Mosaico
Un piccolo oggetto di cinque centimetri di altezza e di diametro, ma di valore inestimabile, torna a raccontare la sua storia millenaria. È il calamaio bizantino del Museo diocesano di Padova, al centro di un innovativo progetto di studio coordinato da Valentina Cantone e Niccolò Zorzi, docenti dell’Università di Padova, in accordo con il museo. Sabato 15 novembre alle 10.30 i due esperti presenteranno lo studio in una conferenza presso il Museo diocesano, dove sarà esposta anche la copia in scala 2:1 realizzata con la stampa 3D, pensata per consentire a persone cieche e ipovedenti di toccare il calamaio e conoscere le storie raffigurate sul manufatto.
Databile al decimo secolo e proveniente da Costantinopoli, il calamaio – in argento dorato, finemente lavorato a sbalzo e cesello – giunse a Padova nel Quattrocento e confluì successivamente nel tesoro della Cattedrale, dove fu riutilizzato come “crismino”, contenitore per l’olio del crisma. Il progetto, nato in collaborazione con il Centro interdipartimentale di ricerca studio e conservazione dei beni archeologici, architettonici e storico-artistici (Ciba) e il laboratorio Digital Cultural Heritage, ha permesso di affrontare lo studio dell’oggetto in chiave interdisciplinare, combinando filologia, storia dell’arte e analisi scientifiche non invasive. Le indagini hanno portato a risultati sorprendenti come una nuova lettura e datazione delle epigrafi incise che celebrano il calligrafo Leone, una rilettura iconografica delle figure incise legate al mito di Perseo e della gorgone Medusa e un approfondito studio dei materiali e delle tecniche di lavorazione.

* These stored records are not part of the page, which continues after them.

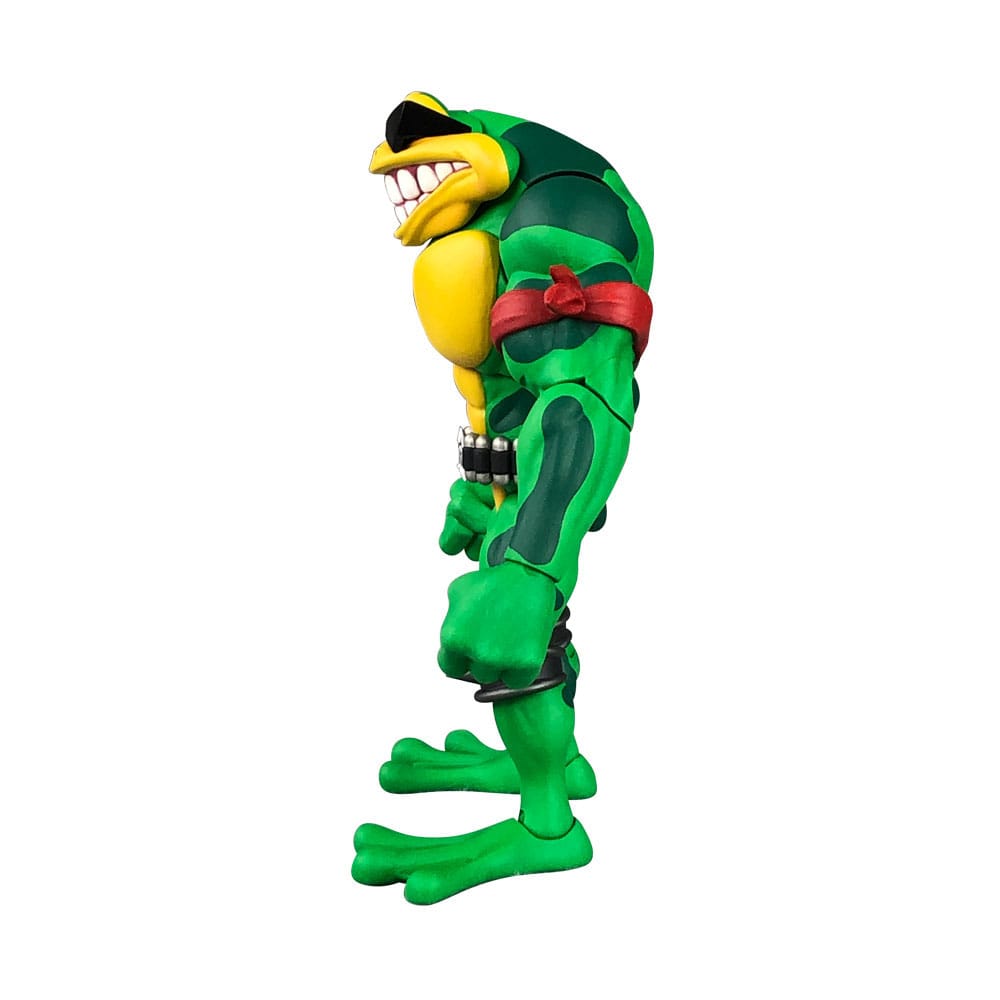 Battletoads Anthology Series Action Figure Wave 1: Rash 15 cm - MangaShop.ro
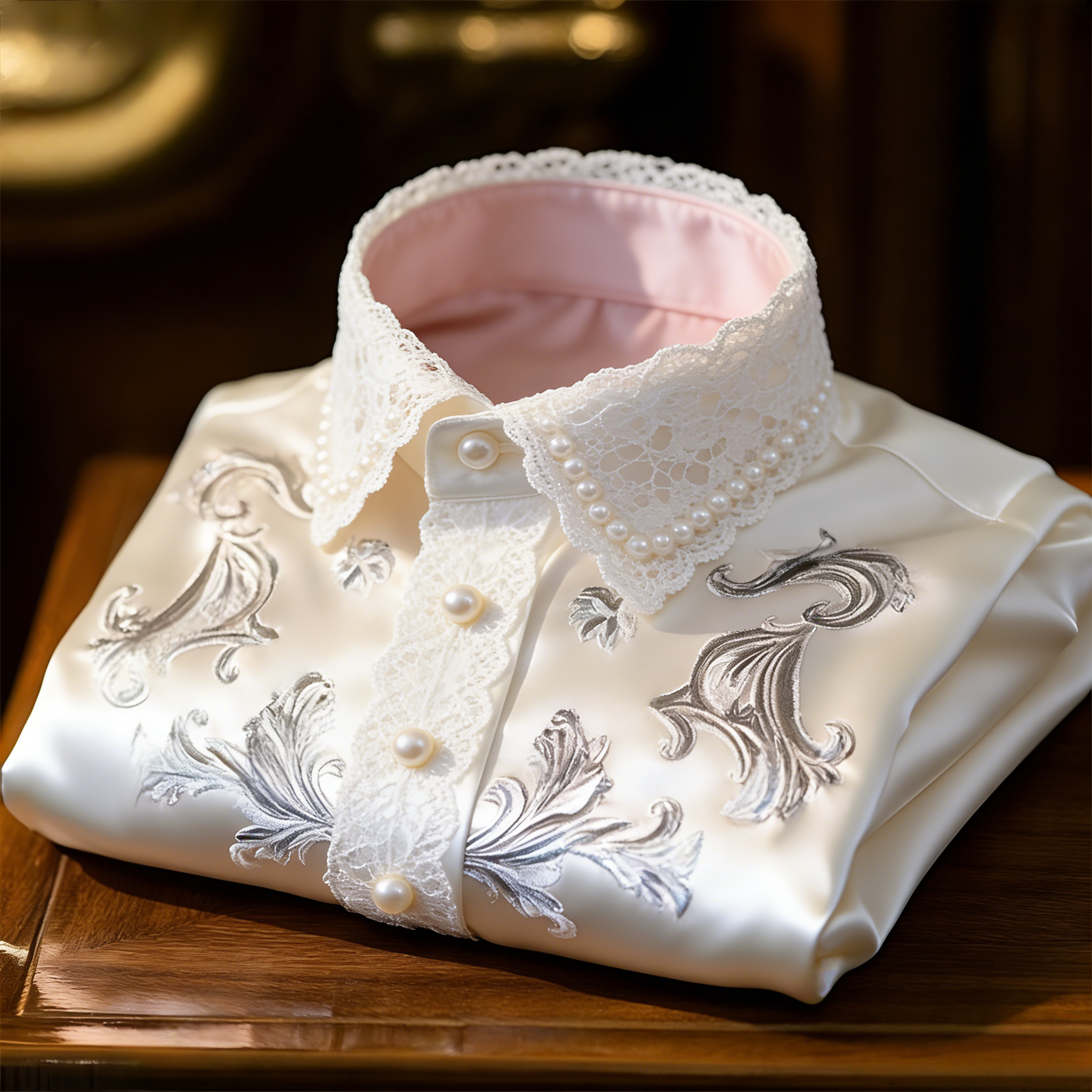 Classic Style wrinkle-resistant formal casual long sleeve shirt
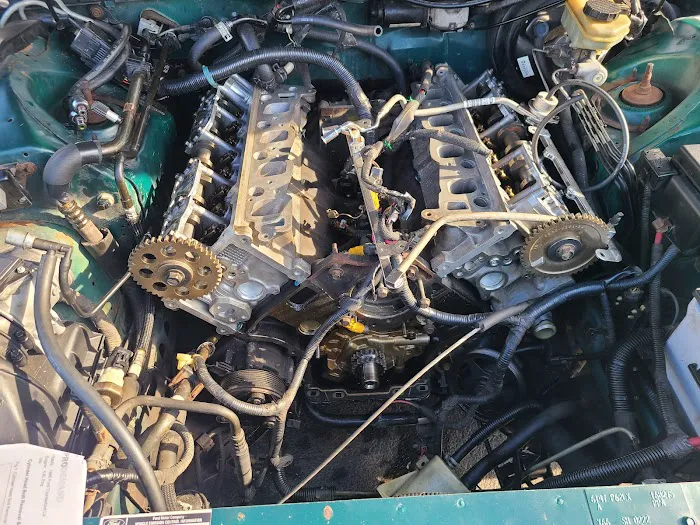 M & M Head Services 0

«Il calamaio bizantino – ricorda Andrea Nante direttore del museo – rappresenta uno degli oggetti più antichi conservati dal Museo diocesano di Padova. Un raro e prezioso manufatto, scelto come elemento centrale della mostra giubilare. L’occasione di questa esposizione ci ha sollecitato ad avviare uno studio più approfondito sull’oggetto, grazie alla collaborazione con il Dipartimento dei Beni culturali dell’Università di Padova. Siamo lieti di proporre gli esiti di questa importante ricerca proprio nell’anno giubilare che celebra anche i 25 anni del nostro Museo».